§ What to produce
Without including any pictures, copy every line below exactly.

§ Data block
--- START ---

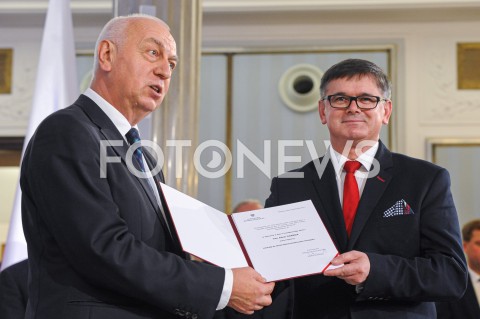  24.10.2019 WARSZAWA<br />
UROCZYSTOSC WRECZENIA NOMINACJI POSLOM IX KADENCJI<br />
N/Z ADAM GAWEDA<br />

--- END ---

§ Result of the task
  24.10.2019 WARSZAWA<br />
UROCZYSTOSC WRECZENIA NOMINACJI POSLOM IX KADENCJI<br />
N/Z ADAM GAWEDA<br />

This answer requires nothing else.